Сравните эту беседу с той, которую мы вели с компьютером только по программе анализа фоносемантики. Насколько содержательнее, информативнее, точнее и глубже стали суждения машины! Еще бы, теперь она опирается не на один, а на три ореольных аспекта семантики: качественный, фоносемантический и синтсимволический.
Еще один последний диалог
Комплексный анализ и синтез языковой семантики позволит компьютеру овладеть человеческим языком, имитировать понимание эмоционально окрашенных высказываний человека, правильно на них реагировать, позволит и самой машине строить высказывания, создающие иллюзию эмоциональных реакций, говорить не по-машинному, а по-человечески.

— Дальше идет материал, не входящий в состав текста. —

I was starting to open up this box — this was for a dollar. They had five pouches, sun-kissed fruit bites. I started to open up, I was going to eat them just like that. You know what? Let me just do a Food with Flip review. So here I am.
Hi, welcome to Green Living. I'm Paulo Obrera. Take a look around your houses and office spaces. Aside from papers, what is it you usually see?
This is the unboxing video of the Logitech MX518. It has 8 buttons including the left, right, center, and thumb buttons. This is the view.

Сейчас еще трудно сказать, как именно будет работать автоматическая система семантического анализа и синтеза, учитывающая не только понятийную, но и ореольную семантику, в какой мере будут необходимы такой системе все те сведения, о которых шла речь в этой книжке. Возможно, что-то из них окажется нужным, что-то второ- и третьестепенным, а кое-что и вовсе не пригодится. Как знать?

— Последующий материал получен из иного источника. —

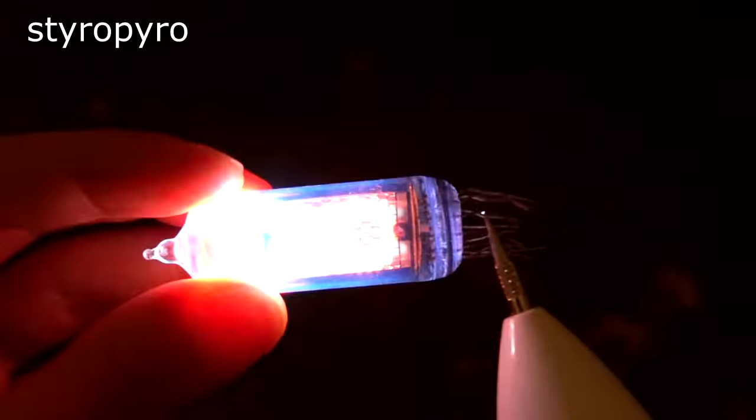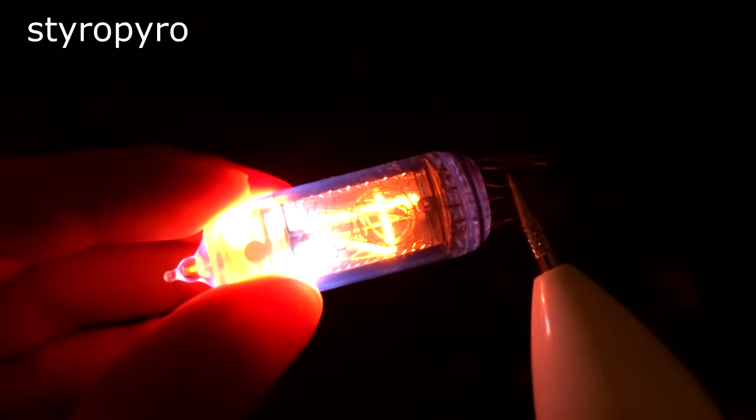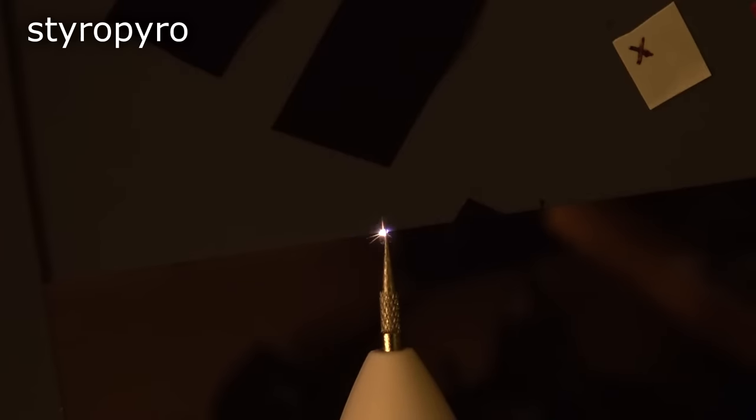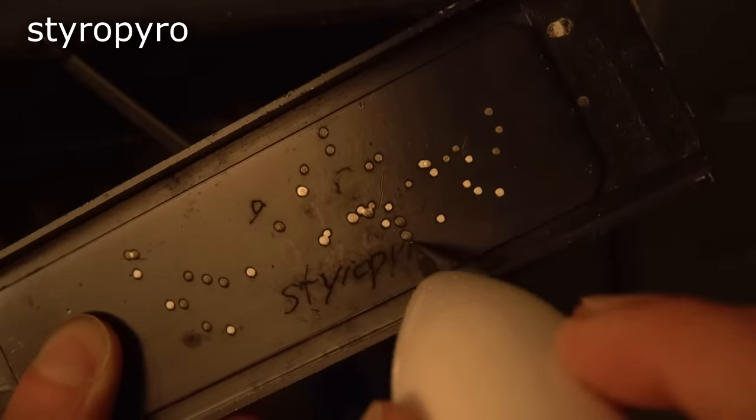This is a Nixie bulb here — look at that, it lights the whole thing up. I can even do it capacitively straight through the glass. I've played with it a bit more now and noticed that it seems to produce an arc to objects that have a bit of capacitance to them. It's actually kind of fun engraving anodized metals with it when the power is cranked up.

Вот, кажется, уж звукоцвет — такое неожиданное явление даже и для человека. Зачем оно компьютеру? Но ведь мы пока плохо представляем себе, в каких условиях, обстоятельствах и ситуациях может оказаться говорящий по-человечески компьютер или робот, что за проблемы ему придется решать, какие функции выполнять.
Взять хотя бы такую проблему. Уже и сейчас человеку иногда приходится работать либо совсем одному, либо в небольшом коллективе, да еще и в экстремальных психологических, а порой и физических условиях. Например, спелеологи в пещере, альпинисты на сложном маршруте, покорители больших морских глубин, космонавты в полете. Во всех подобных ситуациях необходимо вести постоянный контроль за состоянием человека. Для этого применяются разные датчики, которые прикрепляются на тело человека, но они не очень удобны в работе, а самое главное — далеко не всегда могут дать нужную информацию о состоянии психики. Но есть и другой — естественный датчик, который чутко реагирует на изменения психологического состояния человека: его речь. Вспомните, иногда по телефону вы спрашиваете собеседника:
— Что это ты приуныл?
Или:
— Чему ты там радуешься?
Как вы догадались о его эмоциональном состоянии? Ведь вы человека не видите, и никакие датчики не посылают вам сигналов. Ясно — по его речи. И не только по словам, но и по тембру, интонации, то есть по звучанию голоса. А не окажется ли так, что и ореольные аспекты семантики, порожденные формой речи, реагируют на изменения эмоционального состояния говорящего? А вдруг и фоносемантика, и синтсимволизм, а возможно, и звукоцвет могут служить такими индикаторами? Вот тогда и найдется работа компьютеру, умеющему анализировать эти семантические явления.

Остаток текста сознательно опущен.